I have been looking up the solution to this problem for about 5 hours, so I am quite annoyed at this point.
In essence, I get a few warnings:
WARN NativeCodeLoader: Unable to load native-hadoop library for your platform... using builtin-java classes where applicable
22/01/24 00:20:03 WARN SparkContext: Another SparkContext is being constructed (or threw an exception in its constructor). This may indicate an error, since only one SparkContext should be running in this JVM (see SPARK-2243). The other SparkContext was created at:
In my system variables, I have:
HADOOP_HOME
C:\spark-3.2.0-bin-hadoop3.2
SPARK_HOME
C:\spark-3.2.0-bin-hadoop3.2
JAVA_HOME
C:\Program Files\Java\jdk-17.0.1
And within the system variable path I have %SPARK_HOME%\bin
. I also have winutils in C:\spark-3.2.0-bin-hadoop3.2\bin
, as it should be. The pyspark command on the command prompt should work, but the computer keeps giving the error which I will copy below. Thanks in advance for helping, as I know similar questions have been answered, but when I try those other answers, I keep getting errors. Don't quite know what is going on...
UserWarning: Failed to initialize Spark session.
warnings.warn("Failed to initialize Spark session.")
And the kiss of death
SUCCESS: The process with PID 33244 (child process of PID 12556) has been terminated.
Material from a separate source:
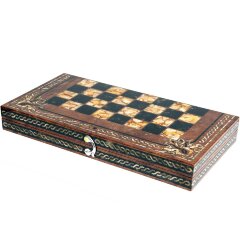 Подарочные шахматы «Арабески» из корня ореха и янтаря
SUCCESS: The process with PID 12556 (child process of PID 13404) has been terminated.
CodePudding user response:
From your input possible additional checks:
add env var to Python env used - here conda env named "spark"
PYSPARK_PYTHON="C:\Users<my user>\AppData\Local\Continuum\anaconda3\envs\spark\python.exe"
run Spark prompt with admin permissions (ie. cmd right-click "run as administrator"). Spark opens local ports which can be denied under normal user.
CodePudding user response:
you need winutils.exe in hadoop home folder for it to work.